NORTHWESTERN’s integration of the Xythos content management platform with Blackboard enterprise web applications is facilitating collaboration and document management for faculty and students.
According to Keith Kohls, technical specialist for Xythos, the company’s open-standards-based document and content management solution serves as a common content repository into which unstructured content and data can be placed. “It’s content that ends up on a flash drive, or whatever. Northwestern has found a way to integrate all the information.” As Kohls explains it, “Xythos is where everything is, while Blackboard is the entry point for the user to dig into the information.” The Xythos platform aggregates content (for a math department, for instance), so that when users access it, they all see the same file. This process is known as single-instance storage, or a system’s capacity to keep just one copy of content that multiple users or computers share, eliminating data duplication and improving efficiency. “Access is easy, but the secondary step of managing and tracking it is more important,” says Kohls.

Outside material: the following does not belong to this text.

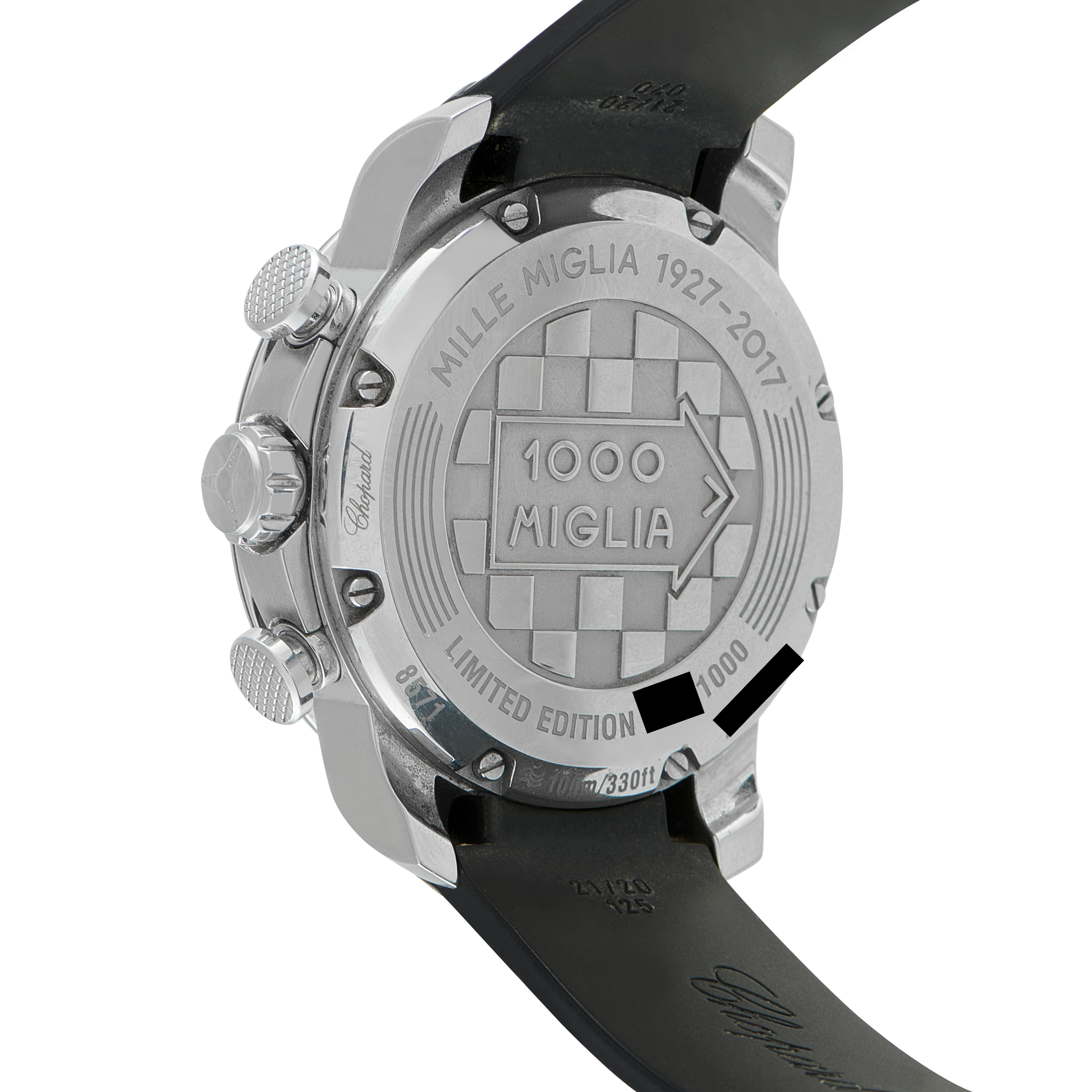 Chopard Mille Miglia GTS Chrono 2017 Race Limited Edition Watch 168571-3002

With its ingenious system, Northwestern has done both. The system is the brainchild of Brian Nielsen, project manager of faculty initiatives in the Academic Technologies department at the university. The department, a unit outside the main IT group, is charged with evaluating new and innovative technologies, buying and testing them, and moving them into the mainstream campus community. For nearly a decade, the university had been looking for an effective CMS, according to Nielsen. Early on, he saw the potential of Xythos “because of the degree of openness that it provided.” In 2003, the Academic Technologies group bought a license for the software, strictly for faculty use. “Our deployment was different than for a universitywide tool,” he says.
The very first project was in support of the engineering program. “Every freshman participated in design and development,” Nielsen recalls. “Everyone had a Xythos account; there was a directory structure for each team, as well as shared space. As they developed projects, course coordinators began using the system.